_SOURCE MATERIAL_

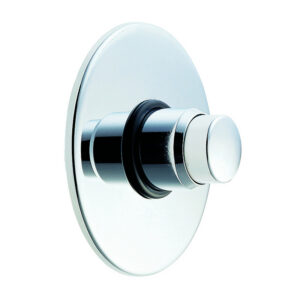 Pre-Set Recessed Shower Valve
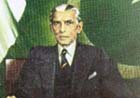 Quaid-i-Azam Mohammad Ali Jinnah
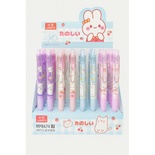 Versatil Kalem Karakter 48'li 0.7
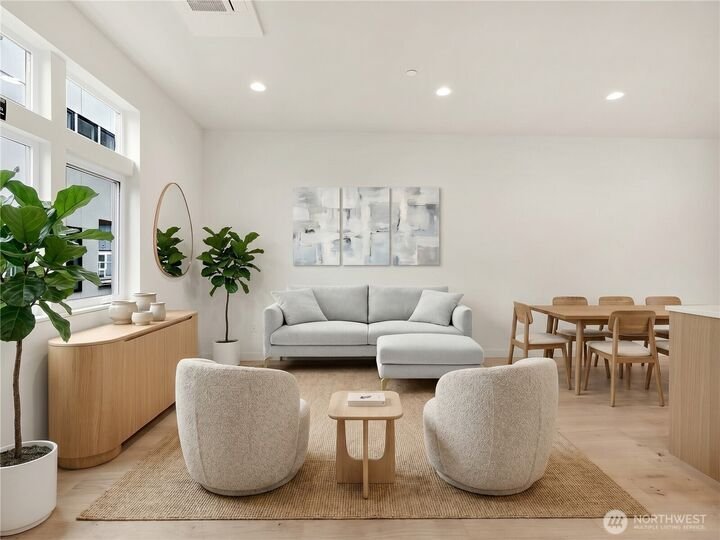 Townhouse in Seattle, Washington, United States 4 - 17807026
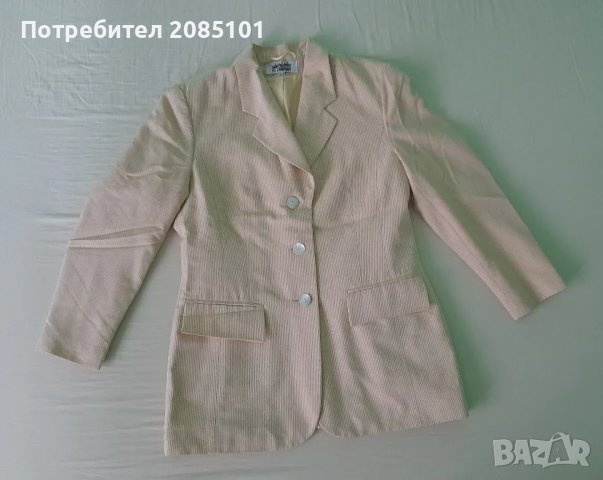 Дамско сако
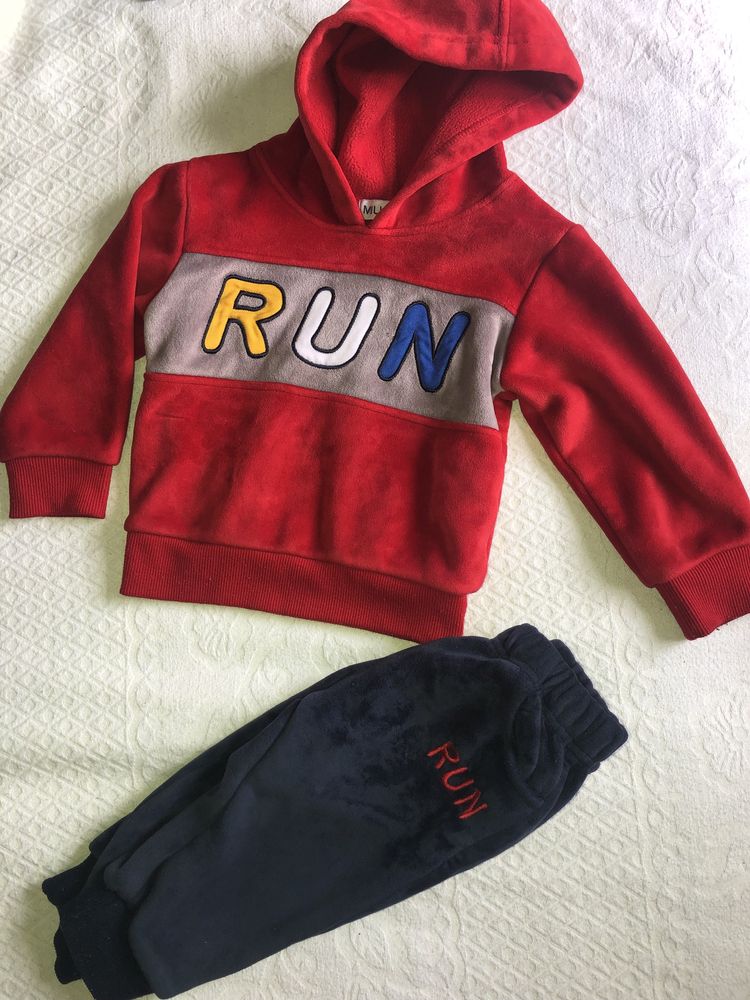 Conjunto conservado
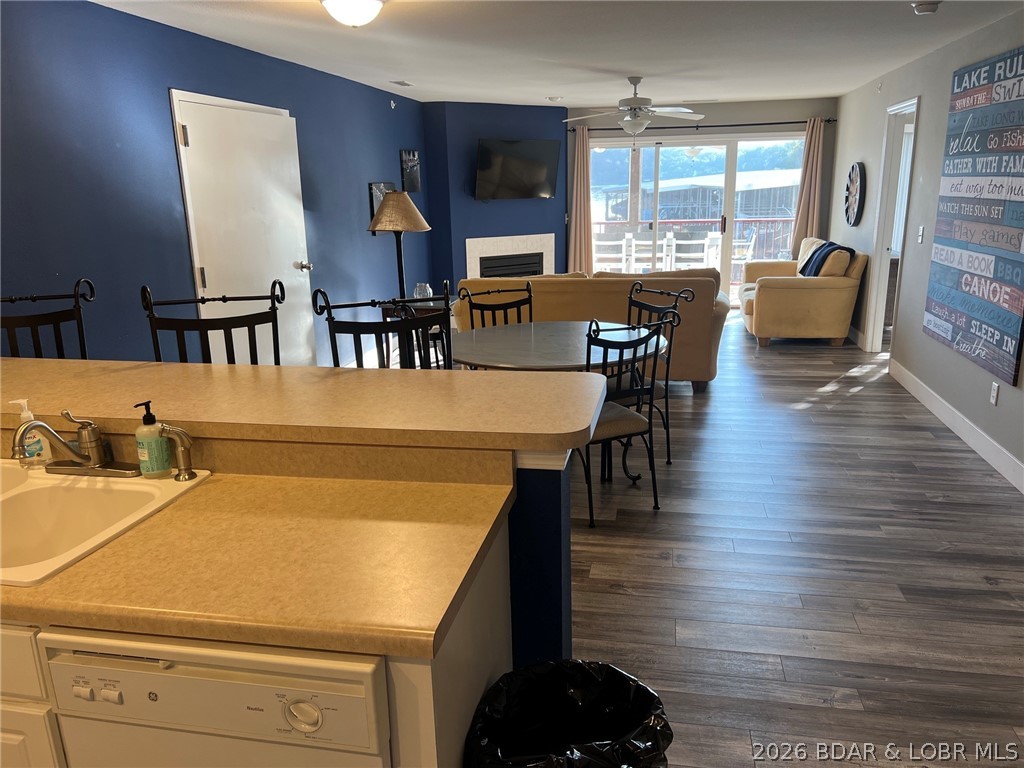 Clearwater Condominiums - Residential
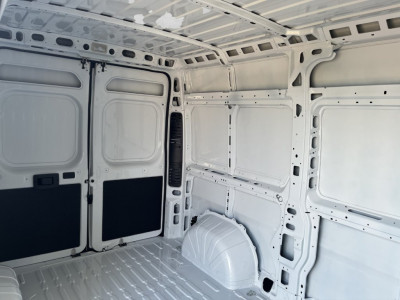 Peugeot Boxer Gebrauchtwagen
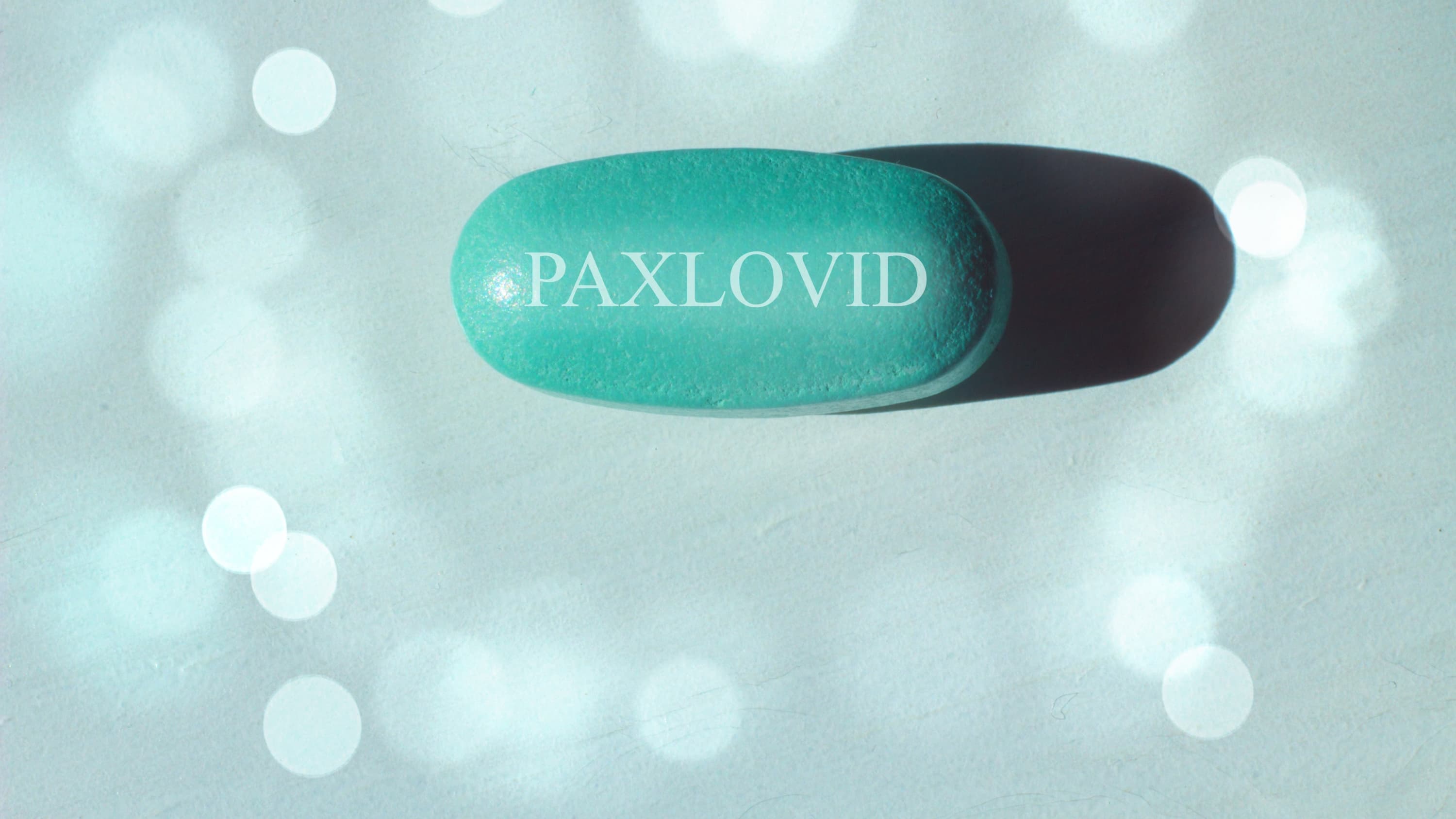 13 Things To Know About Paxlovid, the Latest COVID-19 Pillu003e Newsu003e Yale Medicine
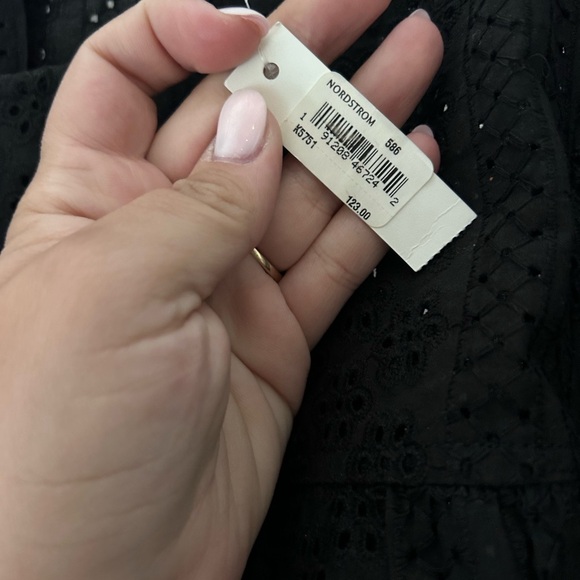 Madewell Blouse - Picture 3 of 3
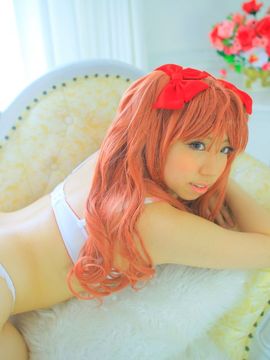 白井黒子コスプレ写真集 とある無職の衣装遊戯_babydoll_yoko037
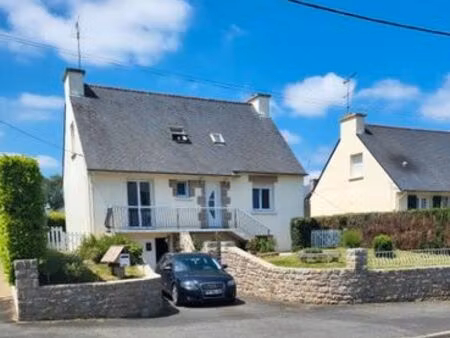 maison à louer maroué-bourg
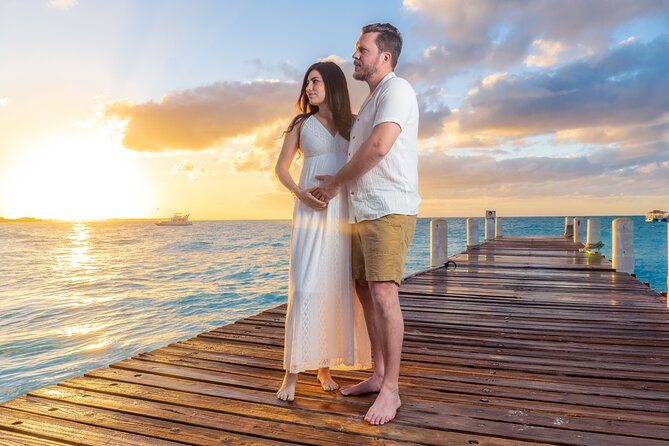 Private Photo shoot in Turks and Caicos - Key things to know before booking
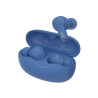 JVC Gumy HA-A7T2 Wireless Bluetooth Earbuds Blue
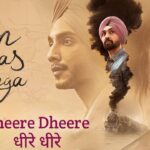 Dheere Dheere Lyrics – Main Vaapas Aaunga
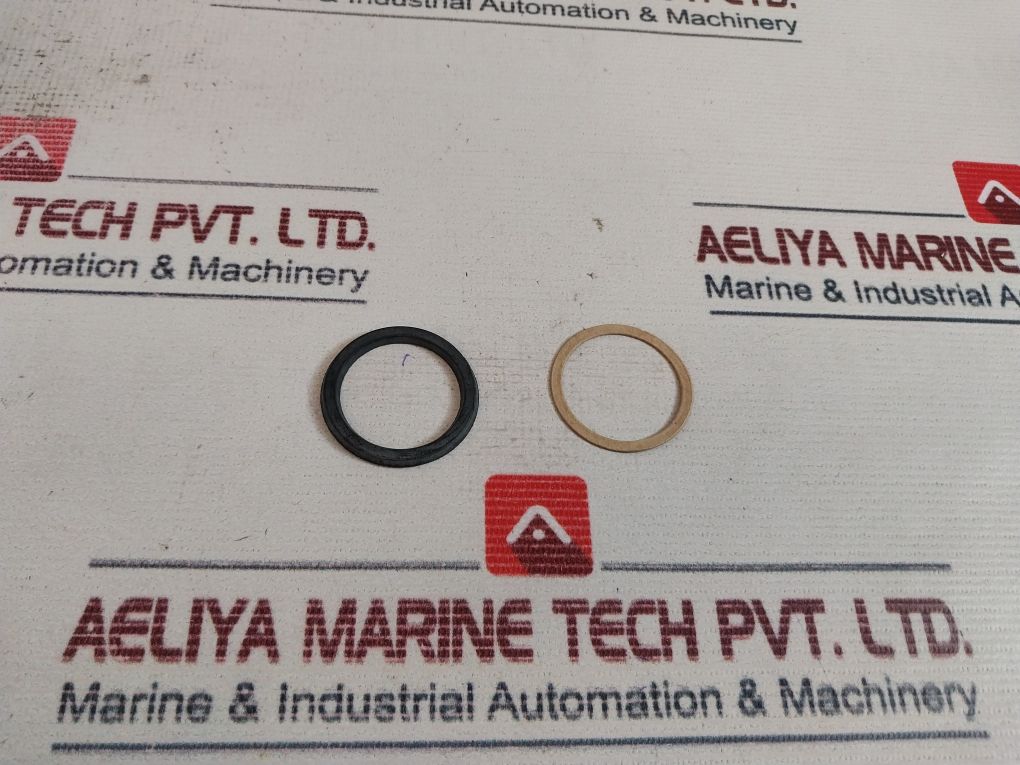 Graco 214584 Repair Kit For Fast-flow Air Motor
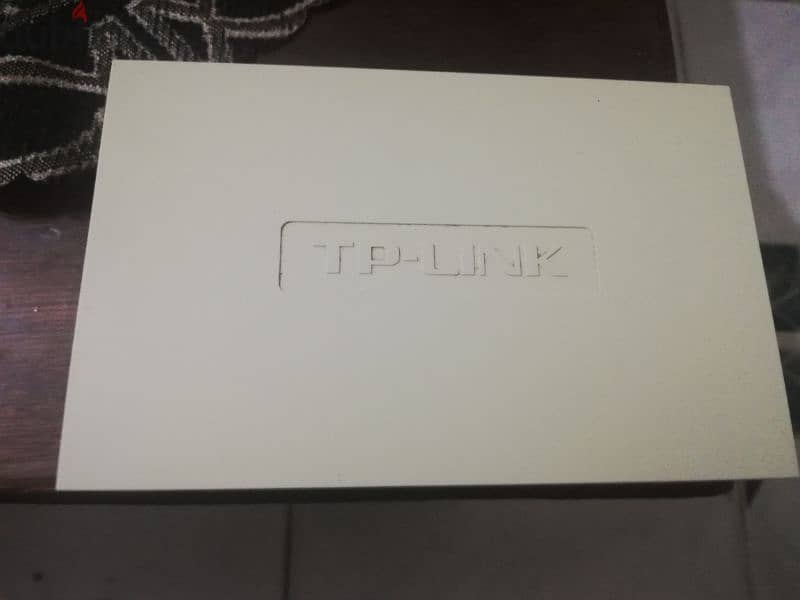 سويتش TP. LINK 3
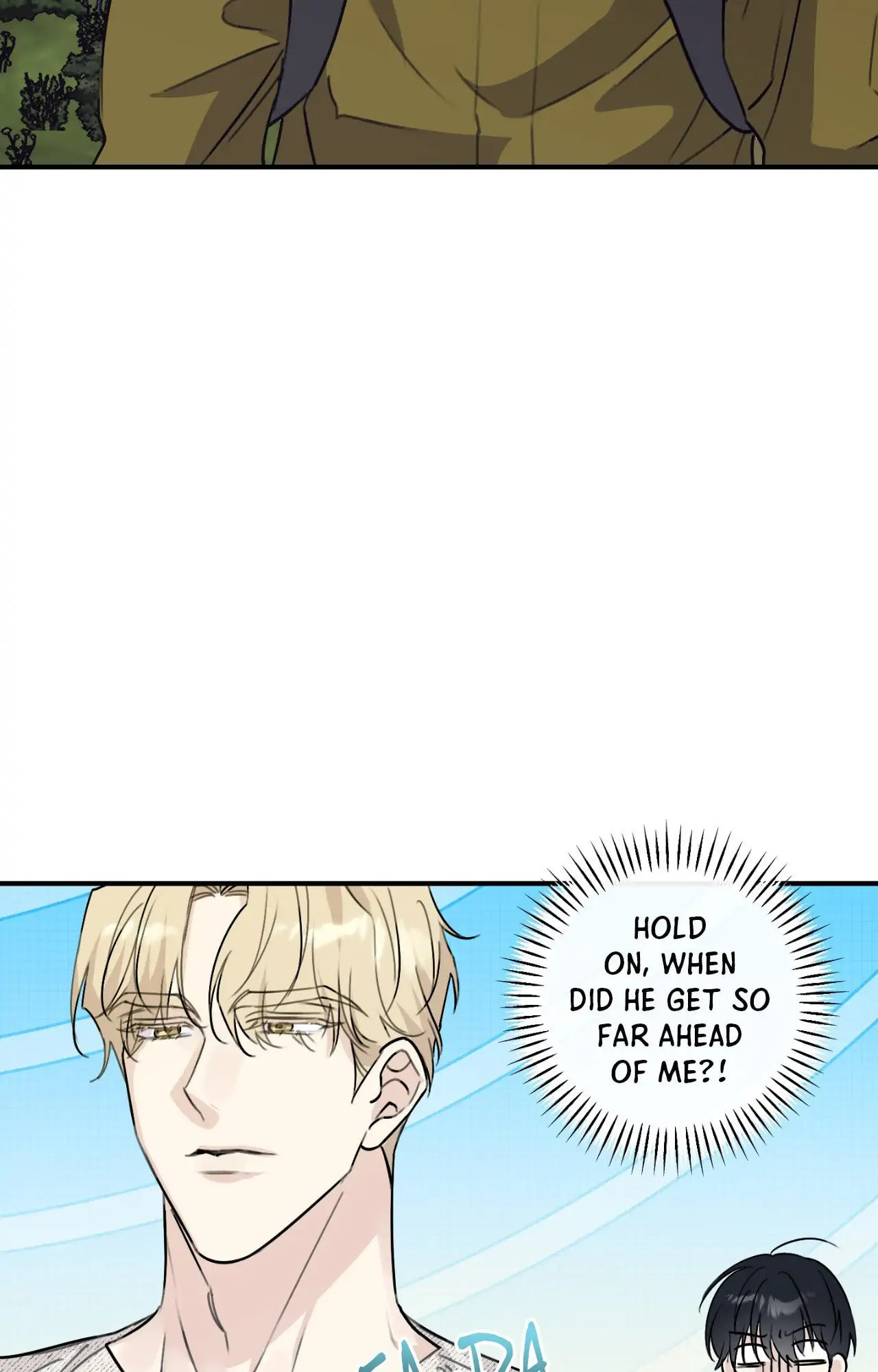 Symbiosis of Luna and Sol Chapter 14 page 82 - 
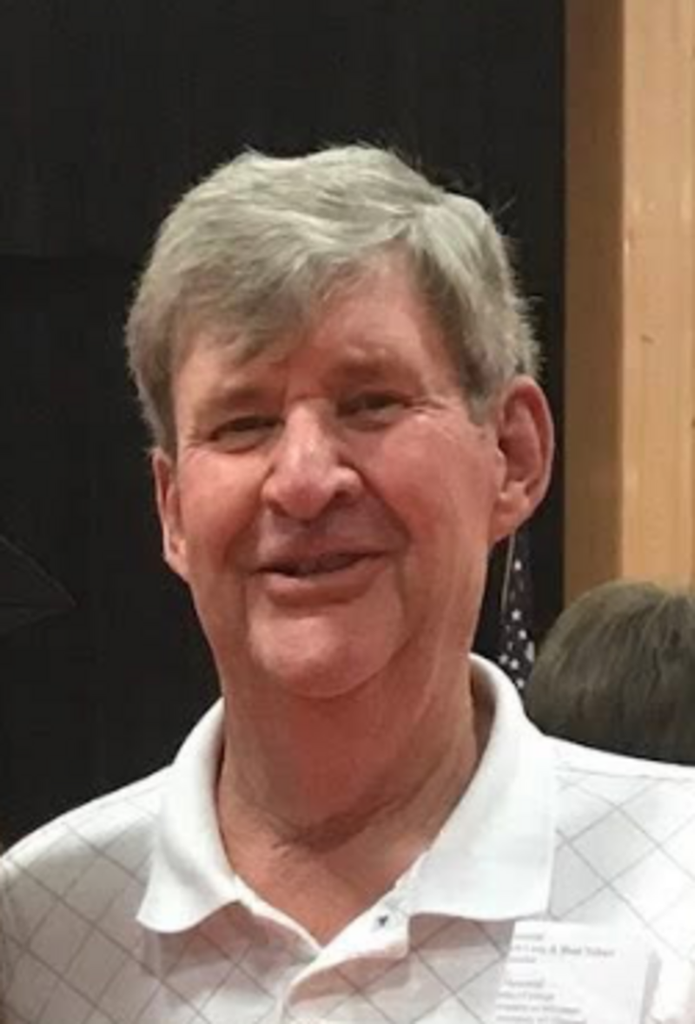 Edward Joseph Borgmeyer Profile Photo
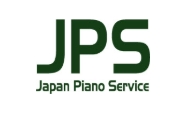 ジャパン・ピアノサービスロゴ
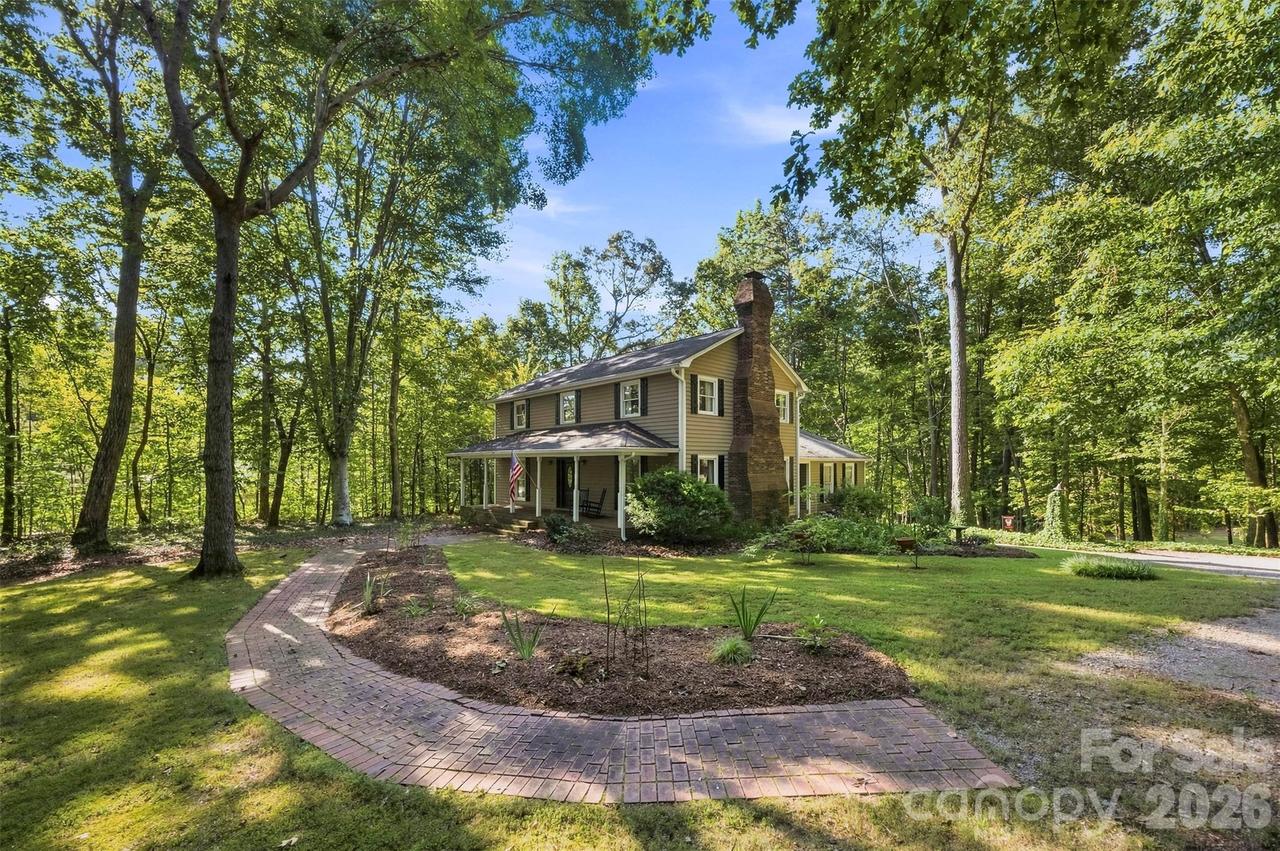 2840 Sparrow Springs Rd., Gastonia, NC 28052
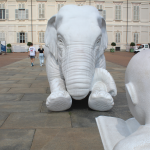 Stefano Bombardieri - Omaggio a Colbert, 2022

_TASK_
Write out every line above exactly, minus images.

_EXERCISE OUTPUT_
 Pre-Set Recessed Shower Valve
 Quaid-i-Azam Mohammad Ali Jinnah
 Versatil Kalem Karakter 48'li 0.7
 Townhouse in Seattle, Washington, United States 4 - 17807026
 Дамско сако
 Conjunto conservado
 Clearwater Condominiums - Residential
 Peugeot Boxer Gebrauchtwagen
 13 Things To Know About Paxlovid, the Latest COVID-19 Pillu003e Newsu003e Yale Medicine
 Madewell Blouse - Picture 3 of 3
 白井黒子コスプレ写真集 とある無職の衣装遊戯_babydoll_yoko037
 maison à louer maroué-bourg
 Private Photo shoot in Turks and Caicos - Key things to know before booking
 JVC Gumy HA-A7T2 Wireless Bluetooth Earbuds Blue
 Dheere Dheere Lyrics – Main Vaapas Aaunga
 Graco 214584 Repair Kit For Fast-flow Air Motor
 سويتش TP. LINK 3
 Symbiosis of Luna and Sol Chapter 14 page 82 - 
 Edward Joseph Borgmeyer Profile Photo
 ジャパン・ピアノサービスロゴ
 2840 Sparrow Springs Rd., Gastonia, NC 28052
 Stefano Bombardieri - Omaggio a Colbert, 2022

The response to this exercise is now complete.